◆ **Problem to solve**
With the pictures left aside, write out exactly the lines of the listing below from the line with "Hi guys, so" to the line with "This will be", both included, and only those.

◆ **Data for this exercise**
────────────────
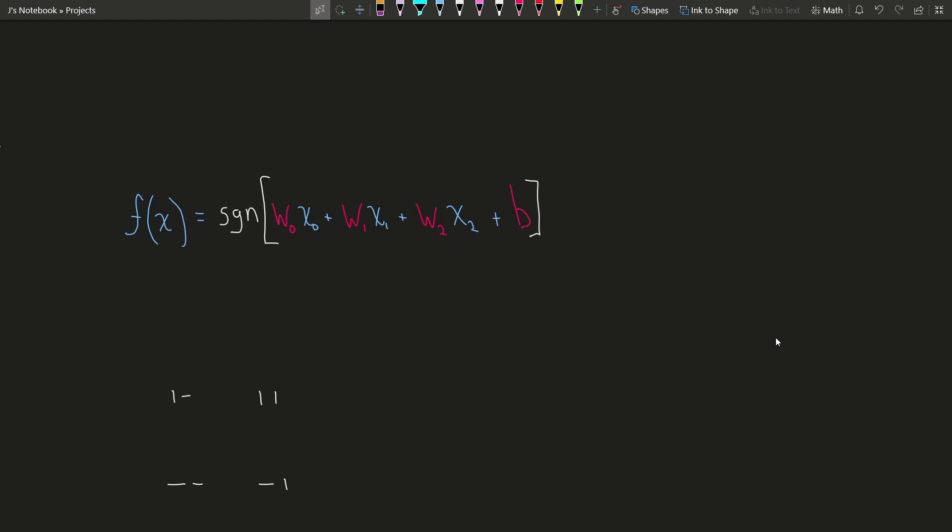Hello. On this video we're going to look at distinguishing boolean linear functions from boolean nonlinear functions. Let me explain by example.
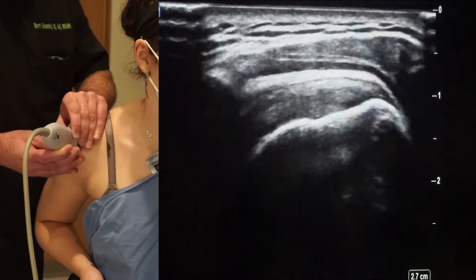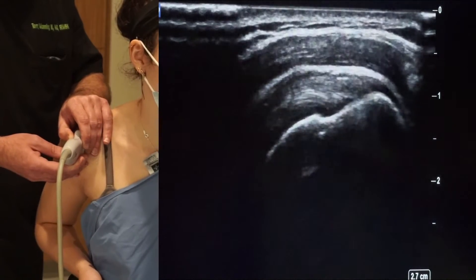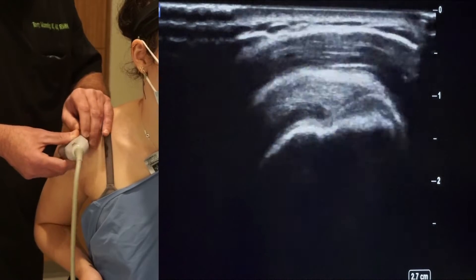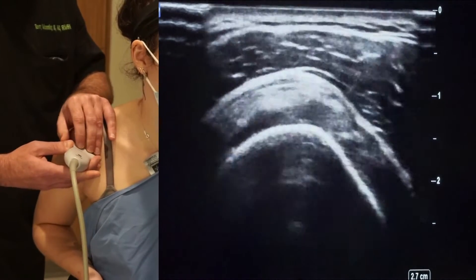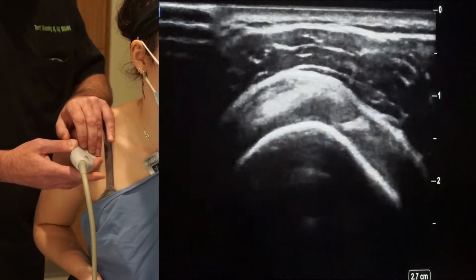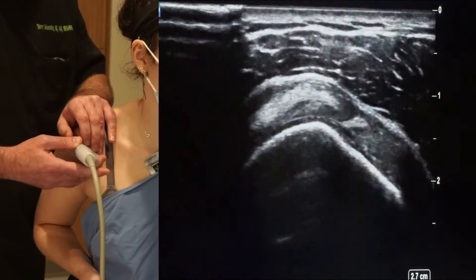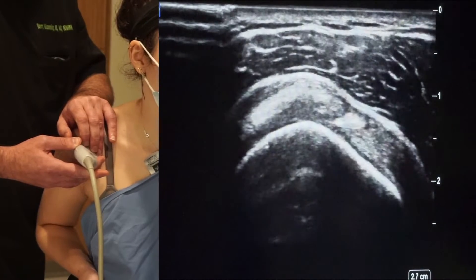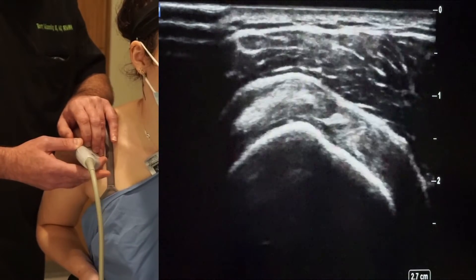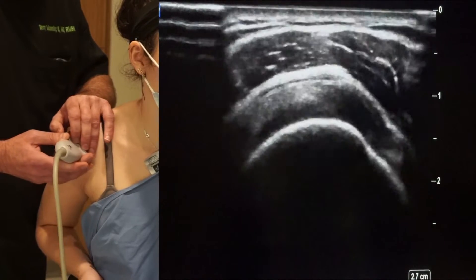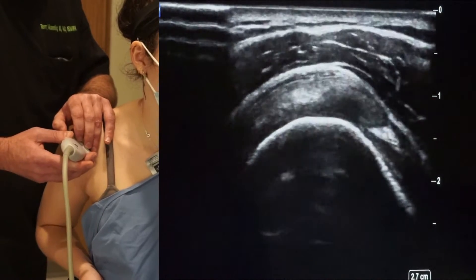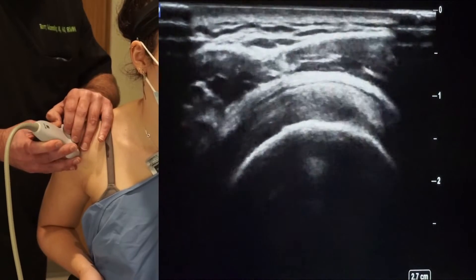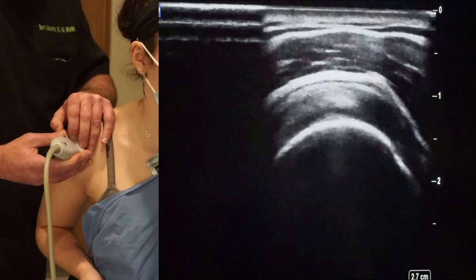We've looked at this in long axis. All structures are evaluated in two planes, so we rotate the probe 90 degrees and get the supraspinatus tendon in short axis. In short axis, the bright white divot on the right of the screen is the biceps tendon; deep to that is the subscapularis tendon; over here is the supraspinatus tendon; and over here is the infraspinatus tendon. We call that the tire on the rim view.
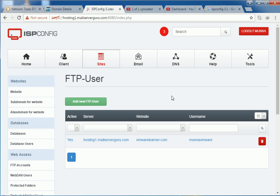And on our next video, we will upload or install a WordPress site with these credentials. So thank you.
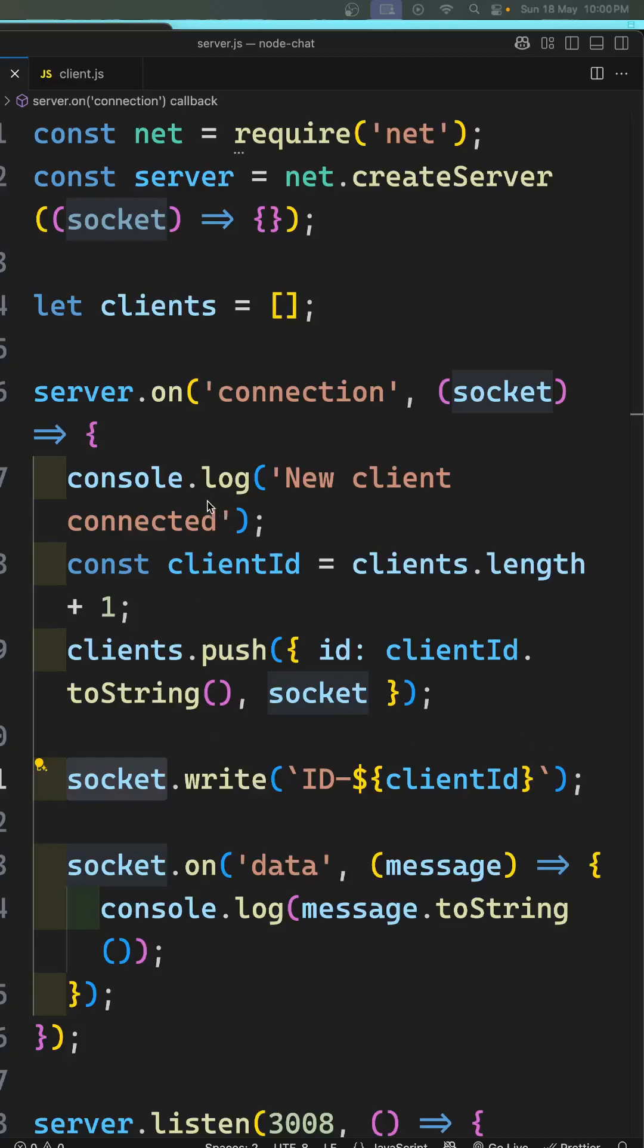Hi guys, so whenever a new client has been connected, we are generating a unique ID for the client and we are sending that client ID to the client using ID hyphen. And the client ID we are trying to send in the client.js file.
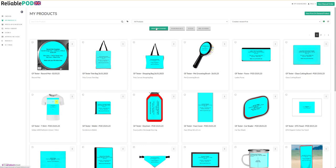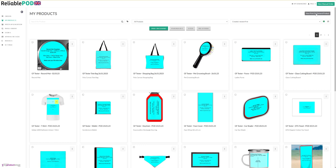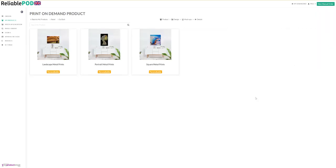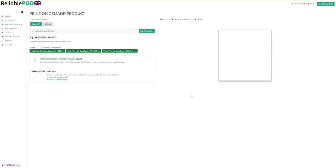Click on print on demand. Up at the top right you've got new print on demand product. Come down to the category metal wall art. We're going to upload the square print, so click on that and click on start designing.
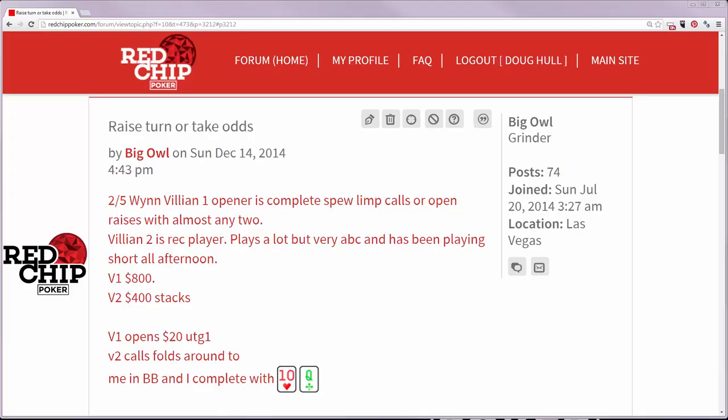Alright, howdy. This is Doug over at the Red Chip Poker Forums and I wanted to answer a question by this red chipper, Big Owl.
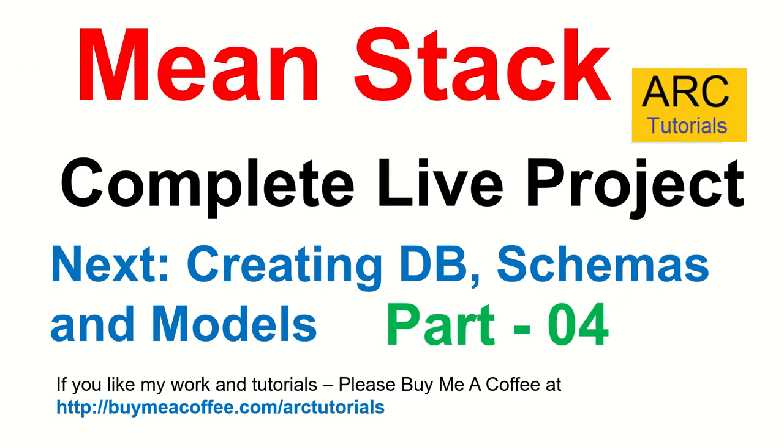This will be the backend work purely. So make sure you join and keep practicing with me. There's a lot of work to do in this application. I hope you appreciate my time and effort that I'm putting in. If you do, please do consider buying me a coffee at buymeacoffee.com slash ARC Tutorials. Thank you in advance. Thank you, thank you.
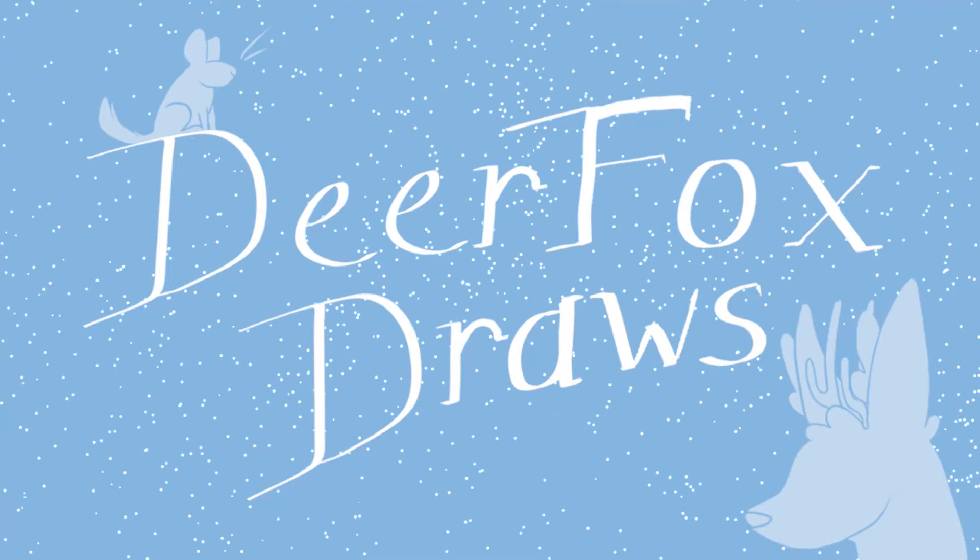Hello everyone and welcome back to DeerFoxDraws. Today we're going to be doing part two of the Dragon Sheep Hybrid Challenge. If you have not seen part one, I highly recommend going back and watching it. Links will be in the description and I hope you enjoy.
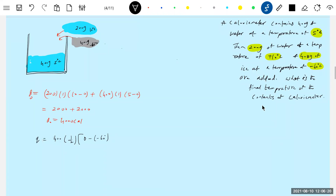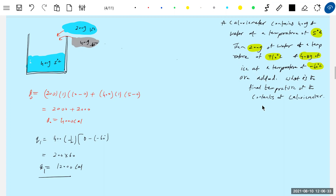12,000 calories is what's needed to bring the temperature of the ice from minus 60 to 0. But how much is available? Only 4000. So the whole ice melting is not possible. First of all, the temperature of the ice reaching 0 itself will not happen. So what is the possibility now?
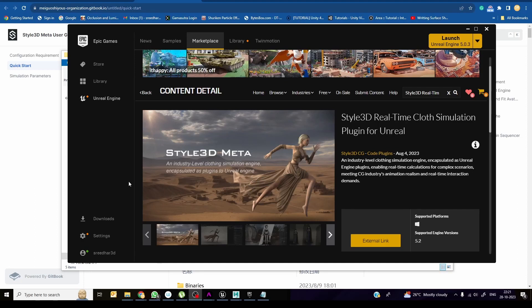Hi all, today I would like to explain real-time cloth simulation using Style 3D, mainly how to set up Style 3D. This is not a tutorial of cloth making, but basically a tutorial of how we can integrate Style 3D cloth inside Unreal. In the marketplace you can find the Style 3D real-time cloth simulation plugin.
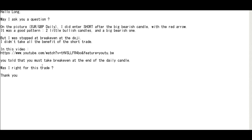In this video, you told that you must take breakeven at the end of the daily candle. Was I right for this trade? Thank you.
────────────────
◆ **Answer to this task**
Hi guys, so whenever a new client has been connected, we are generating a unique ID for the client and we are sending that client ID to the client using ID hyphen. And the client ID we are trying to send in the client.js file.
Click on print on demand. Up at the top right you've got new print on demand product. Come down to the category metal wall art. We're going to upload the square print, so click on that and click on start designing.
Alright, howdy. This is Doug over at the Red Chip Poker Forums and I wanted to answer a question by this red chipper, Big Owl.
This will be the backend work purely. So make sure you join and keep practicing with me. There's a lot of work to do in this application. I hope you appreciate my time and effort that I'm putting in. If you do, please do consider buying me a coffee at buymeacoffee.com slash ARC Tutorials. Thank you in advance. Thank you, thank you.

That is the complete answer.